Check this out: http://en.wikipedia.org/wiki/Economic_calculation_problem
This is not about the money but about communist-style of equality. If the ultimate goal of removing money should lead to removing inequality, you may take it to the extreem and every man should get: the same free basked of food (as pictured), the same free cloths, the same free computer, the same free education, the same free land, the same free house, the same free woman, the same amount of free love, he must also get the same free DNA, be born at the same place exactly at the same point in time... to be really equal.
If you are not able to satisfy those conditions, there will be always inequality between people, with or without money, no mater how you will denominate the perceived values.
I personally believe in competition and diversification which is how nature always worked in the history and that is why we have better life today. Existence of money has a little to do with it.
There is no denying that currently there are a large number of people in the world with extremely limited choice in what they do, and that choice is in many cases not actually a choice (work hard doing X or work hard doing Y but never get to do anything but hard work with little reward).
Secondly, I would like to point out that your personal belief statement is also based on a fallacy. The just because something always worked in the past and it got us here does not mean 1) it will get us to the future, 2) it was just or moral, 3) here is better for everyone.
But where you draw the line of "equal choices"? And WHO will be drawing that line?
I'm perfectly aware that there are people living in miserable situation on this planet. But you cannot artificially fix it by making all people instantly "equal". Until we all live "boring cloned existences" each one of us has slightly different priorities and values different things differently. You can maybe improve material life of hard-working child in coal mines but how would you fix a life of a blind person? Those are extremes again, but there is continuum of subtle cases in-between. You simply have to draw the line somewhere and some people will think it is unequal, because according to their values you helped more others which will lead to inequality in their eyes. Is is better to give everybody house or cure for cancer?
As for different priorities and values, why do you think I talk of the option to make a choice for yourself? That allows each person to actually follow their priorities and values.

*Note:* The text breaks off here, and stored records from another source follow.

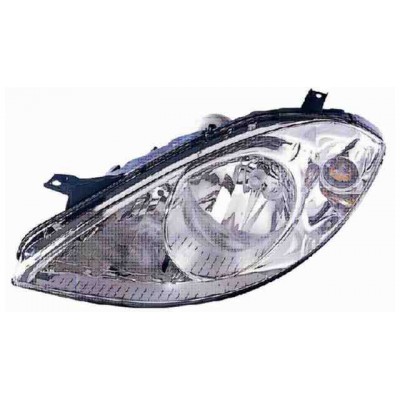 Faro principal MERCEDES W169 A Class (04-08) (Ref.:11503101)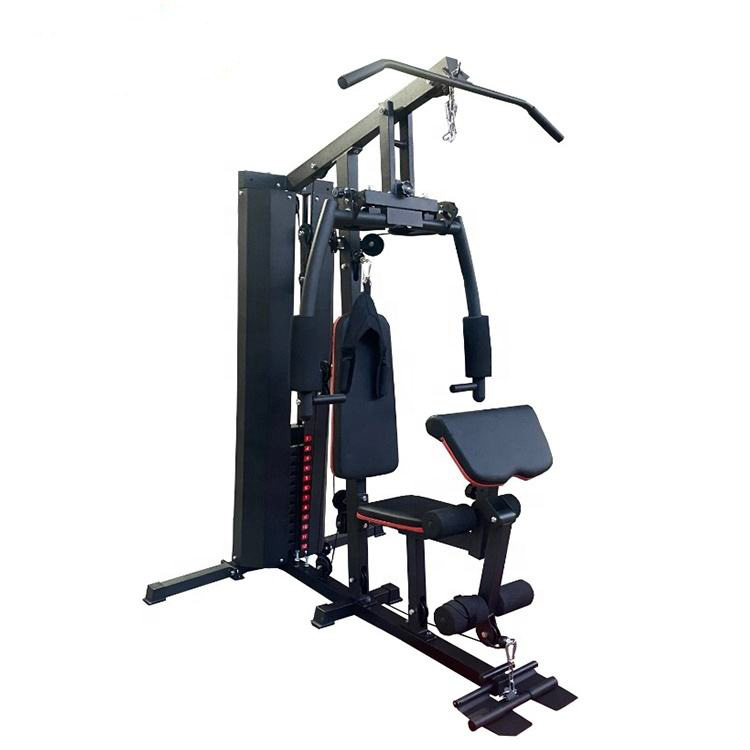 All-in-One Home Gym Multi Mach - All In One Gym Home Equipment reseña y precio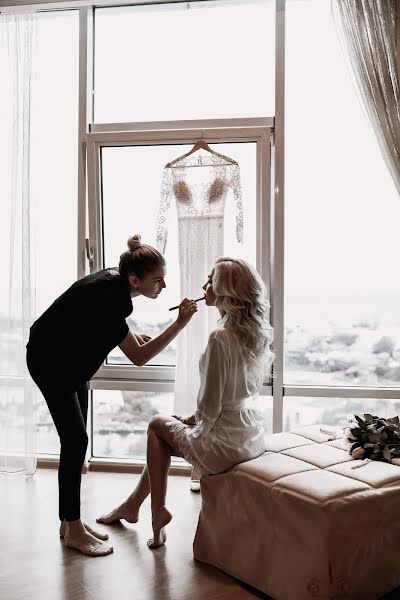 Wedding photographer Alina Likachenkova (lalinkovaa). Photo of 13 January 2020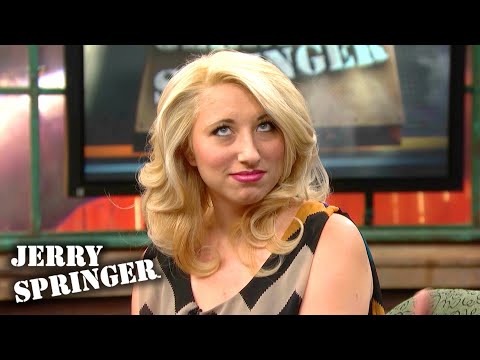Cheating On My Coworker Wife With Another Coworker | Jerry Springer | Season 25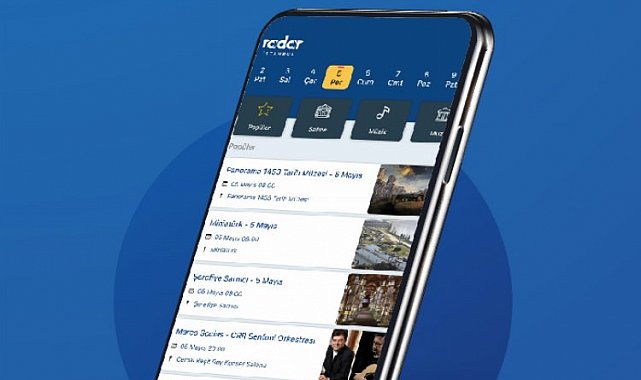 'Radar İstanbul'u iki ayda 80 bin kişi indirdi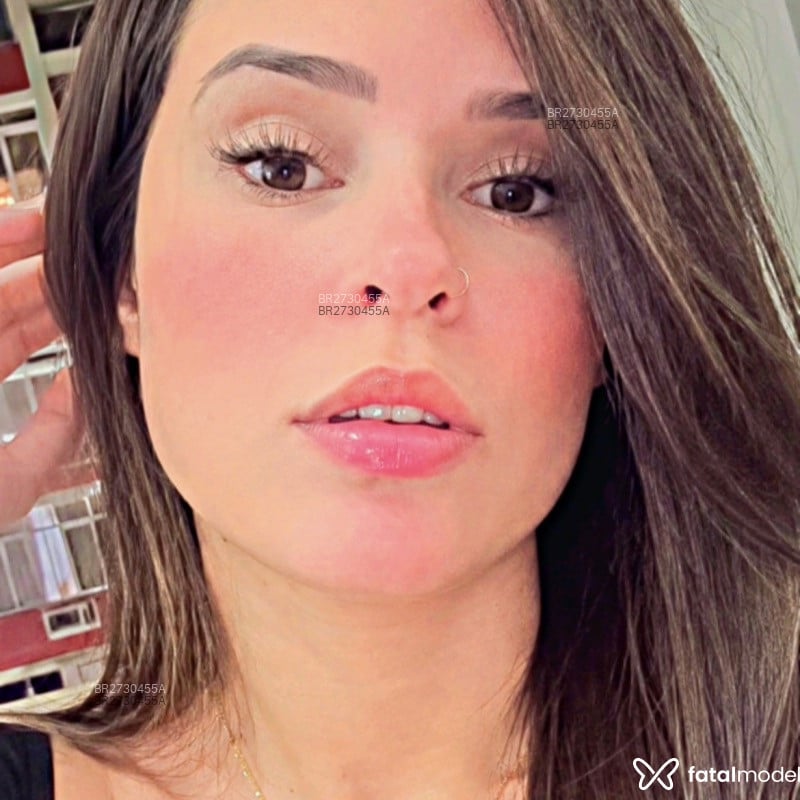 Acompanhante Airáa Santos - Feed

As for choosing house over cancer cure, this is again a fallacy, this time the false dilemma. Not everyone needs a cure for cancer -- those who don't have cancer. Not everyone needs a house: those who have houses. Some need both, some need neither.

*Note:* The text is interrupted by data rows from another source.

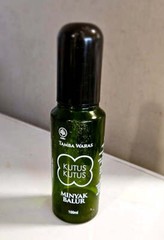 Kutus Kutus Healing Oil [AUTHENTIC] 100 ml (**See Description for FREE Shipping)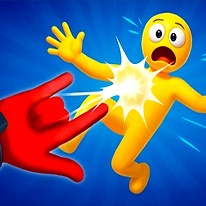 Playground Man Mod! Web of Destruction!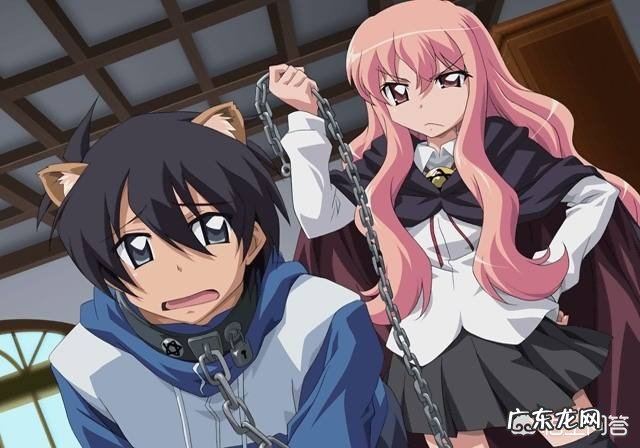 有哪些动漫是以女性为主角的?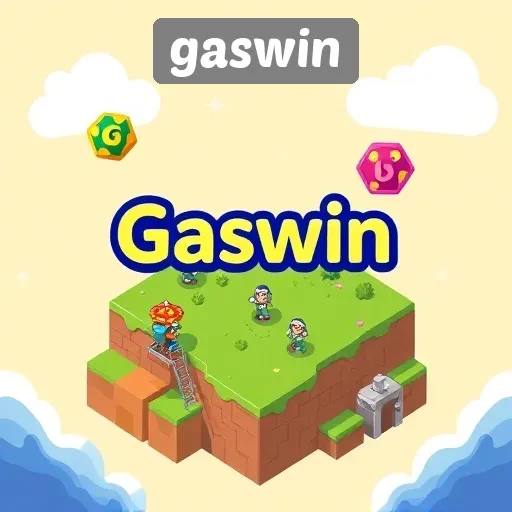 Gaswin Platform Game Terbaru untuk Penggemar Game Indonesia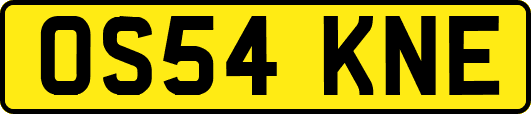 OS54KNE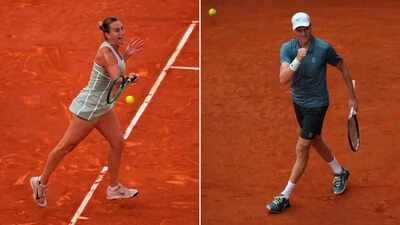 French Open: Jannik Sinner, Aryna Sabalenka question prize money share at Roland Garros - here's what they demand | Tennis News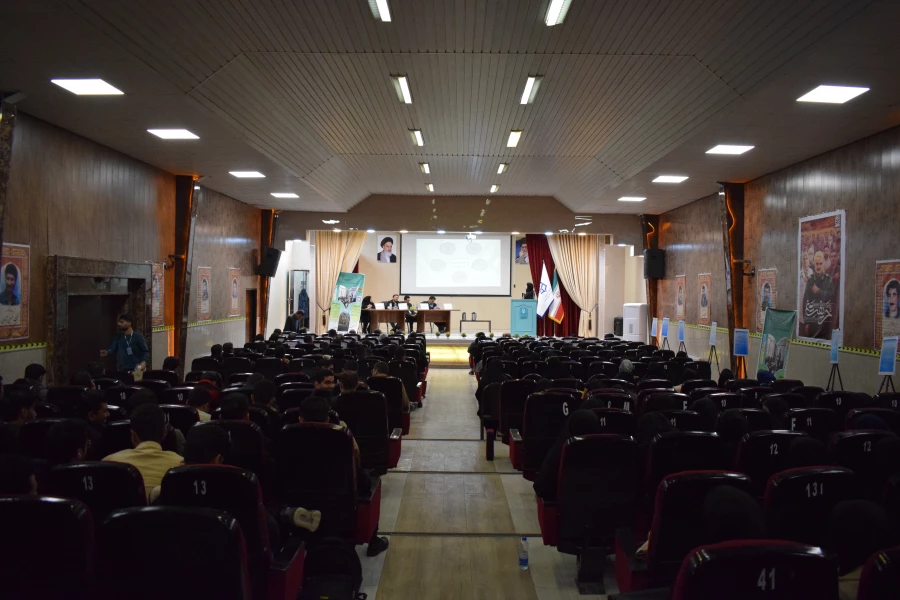  هفتمین همایش ملی کلاس های چندپایه 57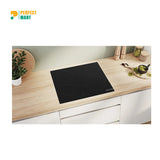 Bosch Series 4 60cm Electric Hob (PKE611BA2E)-Black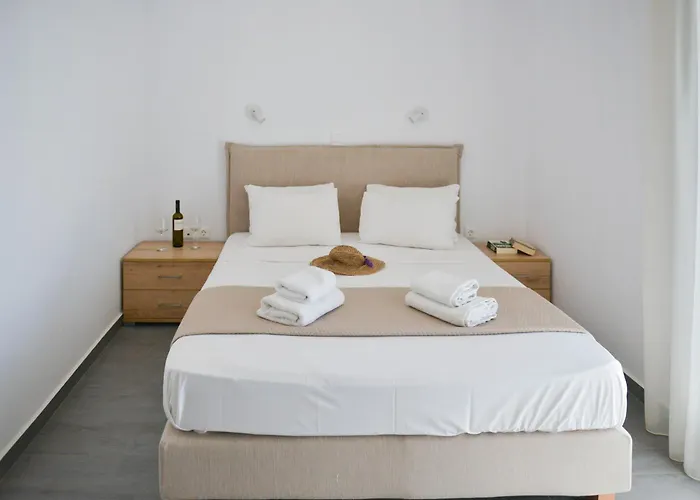 Agros Estate Hotel Pláka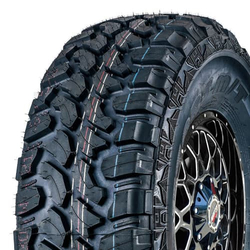 35X12.50R18 10Pr 123Q WIndforce Catchfors M/T Rbl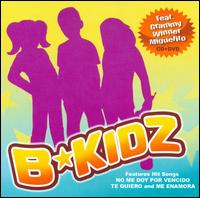 Bkidz von Bkidz
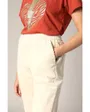 Pantalon Femme TAMYLY PA W Beige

Please note: I'm not actually for abdicating money per se, just for some sort of change to the system -- where perhaps random chance plays less of a factor (don't idiot up this statement with your absolutism... less not none) in a person's well being. Where perhaps the energy channeled into greed could in fact be channeled into something far more productive to everyone's existence.

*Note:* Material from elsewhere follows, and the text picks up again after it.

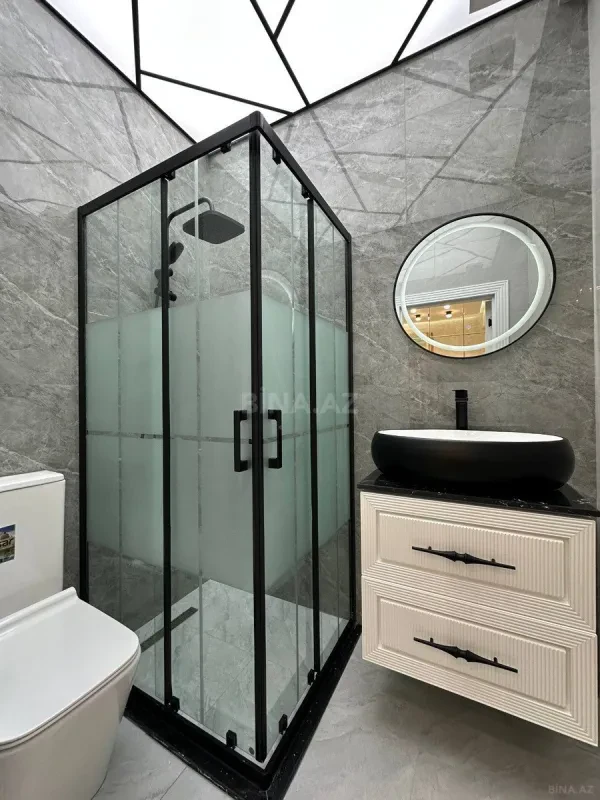 Satılır 3 otaqlı mənzil 80 m²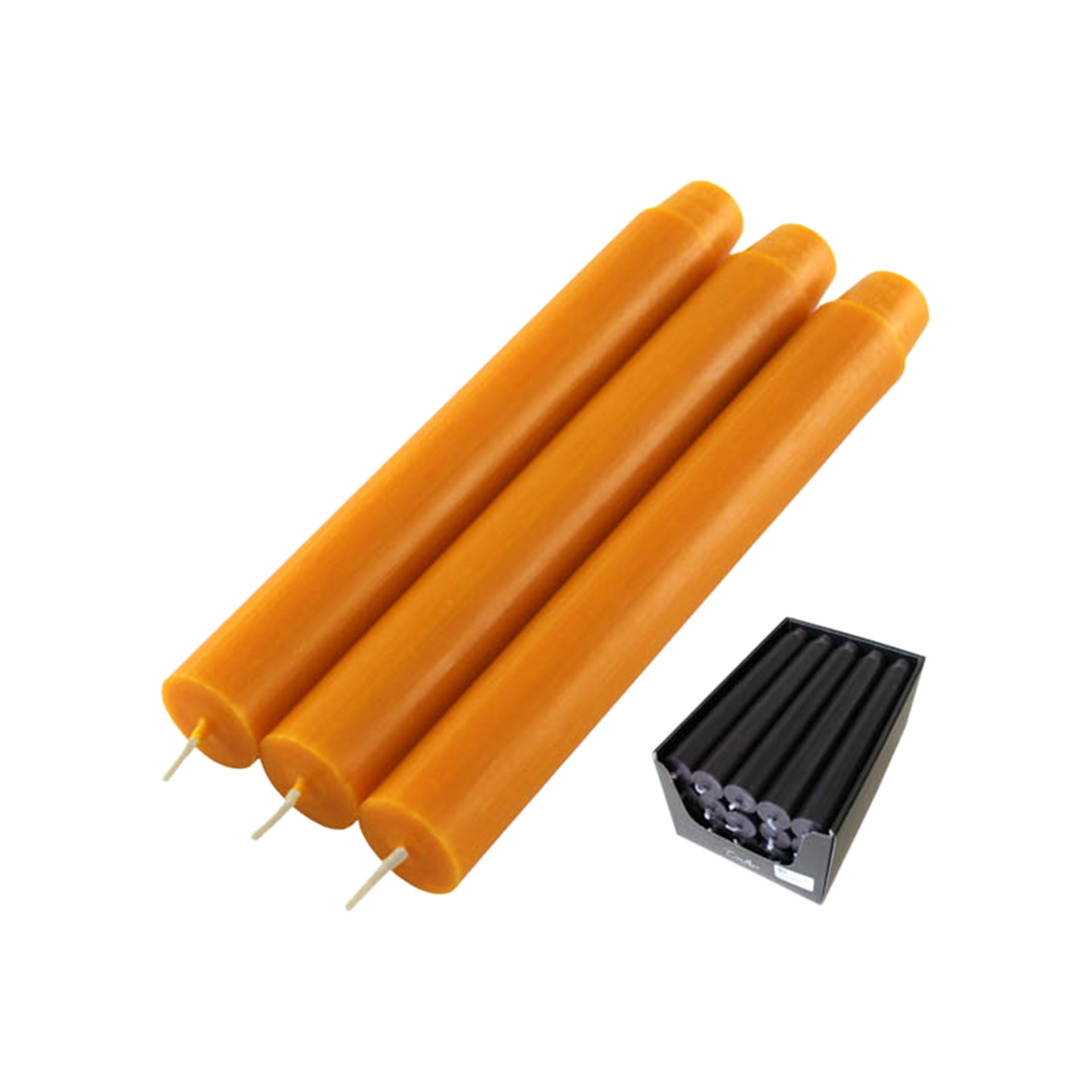 Kerze Nordica Feuer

And without money, who decides who get what instead? Wesley Mouch?
I may be biased by just recently having read Atlas Shrugged, and not quite having digested it completely yet, but I do feel that money is the best tool we have to solve the huge problem of optimally distributing resources. The only true resources are every persons time, ability and effort; everything else is given to us for free by the universe and governed by the laws of physics/nature. Freedom means we each get to decide what it means to apply our own resources optimally.
Now if we can use technology to create a better communication/collaboration tool than money to pool and distribute our resources I'm all for it.
I live in a tiny country, Poland (that's eastern Europe). We've seen these ideas before, right before 89', Berlin Wall, right before getting out independence back from Soviet Union.
But it seems I can go West and hear it again, cool.